В Москве повторялось то же, что и в Ленинграде. Там он говорил с Воронским о возможности издания «Львиного хлеба» в «Круге». И услышал:

— Да человек-то вы совсем другой.

— Совсем другой. Но на что же вам одинаковых-то человеков? Ведь вы не рыжих в цирк набираете, а имеете дело с русскими писателями, которые, в том числе и я, до сих пор даже и за хорошие деньги в цирке не ломались.

— А нам нужны такие писатели, которые бы и в цирке ломались, и притом совершенно даром.

Этот критик, имеющий репутацию культурного человека, явственно намекал, что, дескать, знаем мы тебя, «рыжего», в твоём крестьянском зипуне да в смазных сапожках. Никуда не денешься, поломаешься вместе с остальными.

А в Питере — та же картина — в Союзе писателей, полноправным членом которого стал Клюев.

«Страшное, могильное впечатление от Союза писателей. Какие-то выходцы с того света. Никто даже не знает друг друга в лицо… Что-то старчески шамкает Сологуб. Гнило, смрадно, отвратительно…» — записывал в свой дневник Иннокентий Оксёнов.
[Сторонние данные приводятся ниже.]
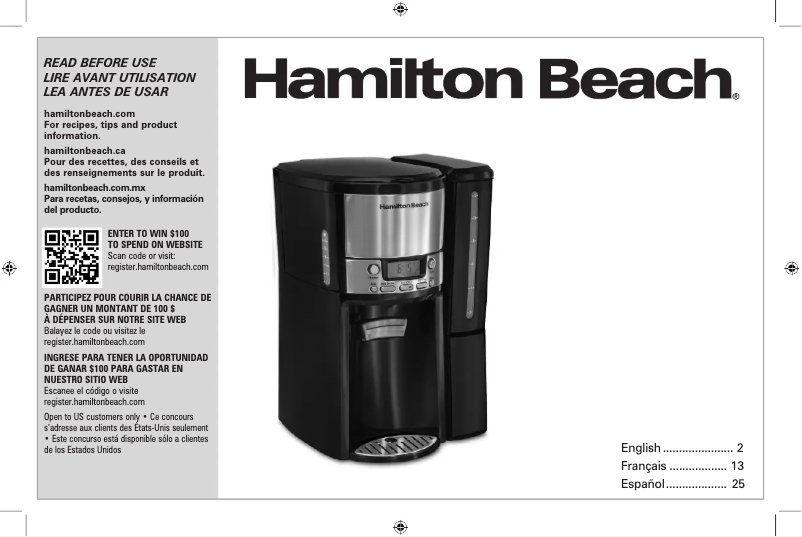 Page 1 de la notice Manuel d'utilisation et d'entretien Hamilton Beach BrewStation 47950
А Сологуб в это время «шамкал» своё, наболевшее:

Ещё гудят колокола,
Надеждой светлой в сердце вея,
Но смолкнет медная хвала
По слову наглого еврея.
Жидам противен этот звон, —
Он больно им колотит уши,
И навевает страхи он
В трусливые и злые души.

«Смрадное» впечатление от происходящего было и у Клюева. Архипов записал отдельные характеристики писателей, с которыми Николай частенько встречался в то время.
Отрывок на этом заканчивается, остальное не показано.